Hello all,
I am interested in revisiting the return ABI of _Float16 on i386.
Currently it is returned in xmm0, meaning SSE is required for the type.
This is rather inconvenient when _Float16 is otherwise quite well
supported. Compilers need to pick between hacking together a custom ABI
that works on the baseline, or passing the burden on to users to gate
everything.
Is there any interest in adjusting the specification such that _Float16
is returned in a GPR rather than SSE?
This was brought up before in the thread at [1], with the concern about
efficient 16-bit moves between GPRs or memory and XMM. This doesn't seem
to be relevant, however, given there isn't any reason to have a _Float16
in XMM unless F16C is available, implying SSE2 and SSE4.1 for PINSRW and
PEXTRW to/from memory (unless I am missing something?).
A sample patch to the psABI is below.

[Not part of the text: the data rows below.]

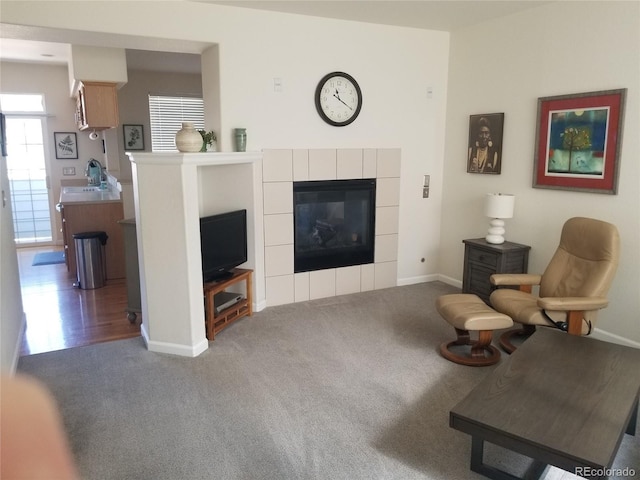 2240 S Pagosa Ct Unit B, Aurora, CO 80013 - living room featuring carpet flooring, a fireplace, and baseboards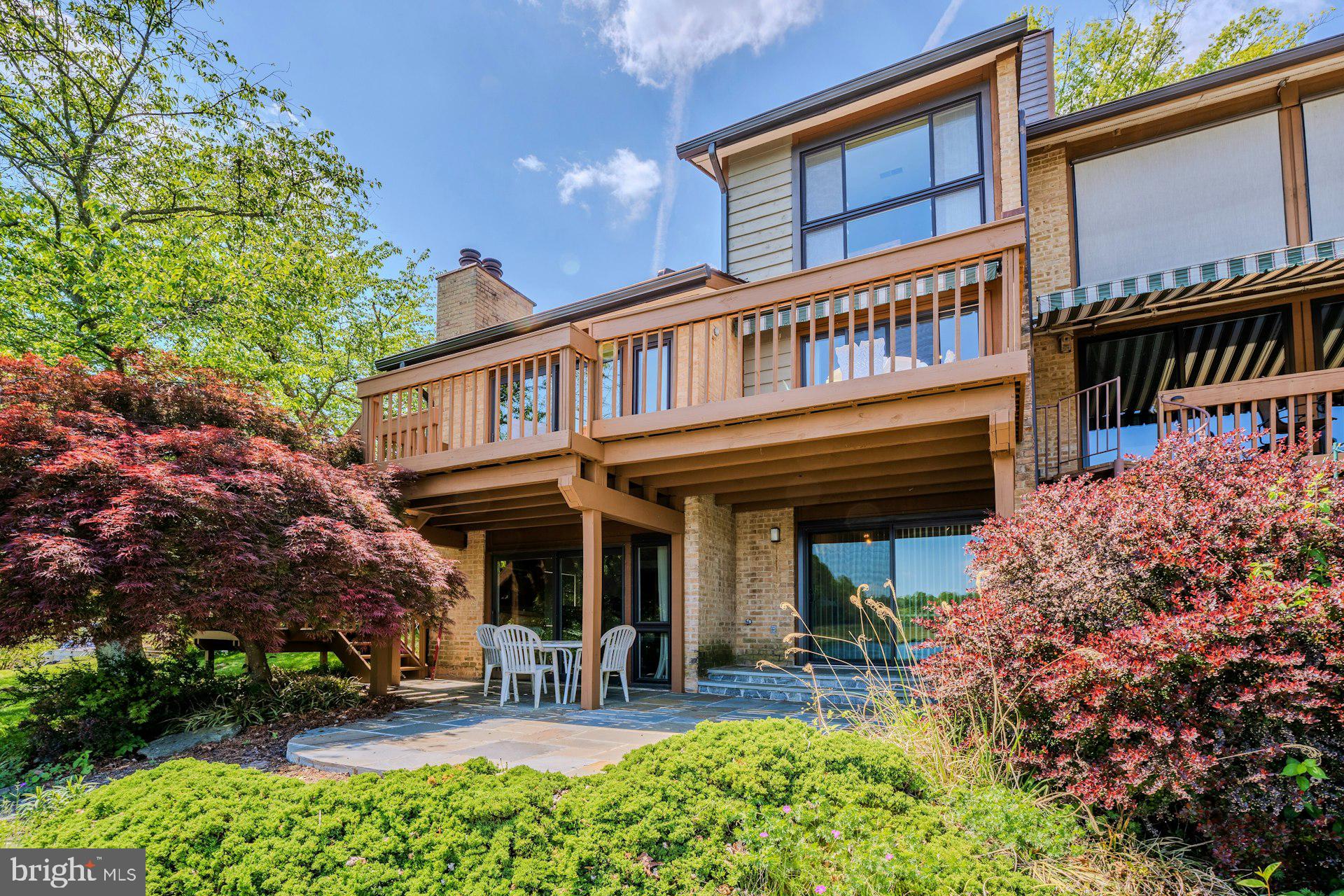 2013 Lakewinds Drive Reston, VA 20191 - Photo 4 of 54 Rear of home with large deck and stone patio
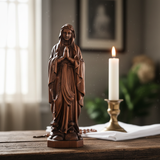 Wooden statue of Our Lady of Lourdes praying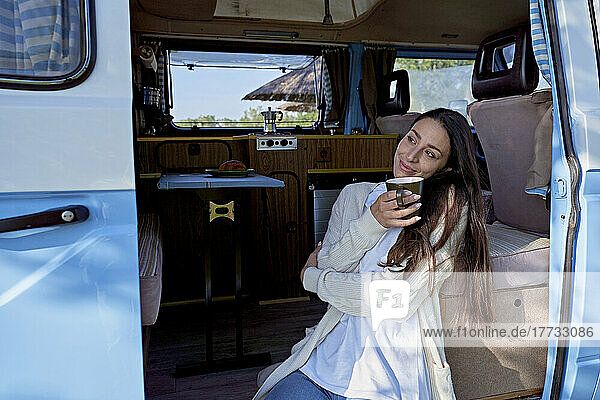 Frau mit Kaffeetasse träumt vor der Tür des Wohnmobils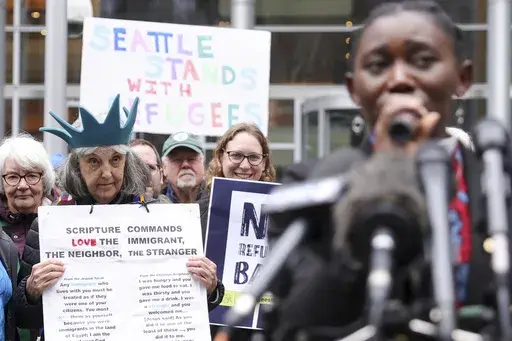 Retired reverend Carrol Jensen wears a hat mimicking the Statue of Liberty as Reverend Emilie Binja, a former refugee from the Democratic Republic of Congo speaks during a rally outside the U.S District Court after a federal judge blocked President Donald Trump's effort to halt the nation's refugee admissions system, Tuesday, Feb. 25, 2025 in Seattle. (AP Photo/Ryan Sun)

Needless to say there are
compatibility concerns that come from a change but given workarounds
already exist (e.g. in LLVM), it seems worth considering whether
something should be codefied to make this simpler for everyone.
Best regards,
Trevor
[1]:
https://inbox.sourceware.org/gcc-patches/20210701210537.5...@gmail.com/
(some CCs added from the linked discussion)
--- patch follows ---
From 1af72db89f9a10b93569fa0b9f64f65f2dd73334 Mon Sep 17 00:00:00 2001
From: Trevor Gross <
tmg...@umich.edu>
Date: Fri, 23 Jan 2026 21:11:43 +0000
Subject: [PATCH] Return _Float16 and _Complex _Float16 in GPRs
Currently the ABI specifies that _Float16 is to be passed on the stack
and returned in xmm0, meaning SSE is required to support the type.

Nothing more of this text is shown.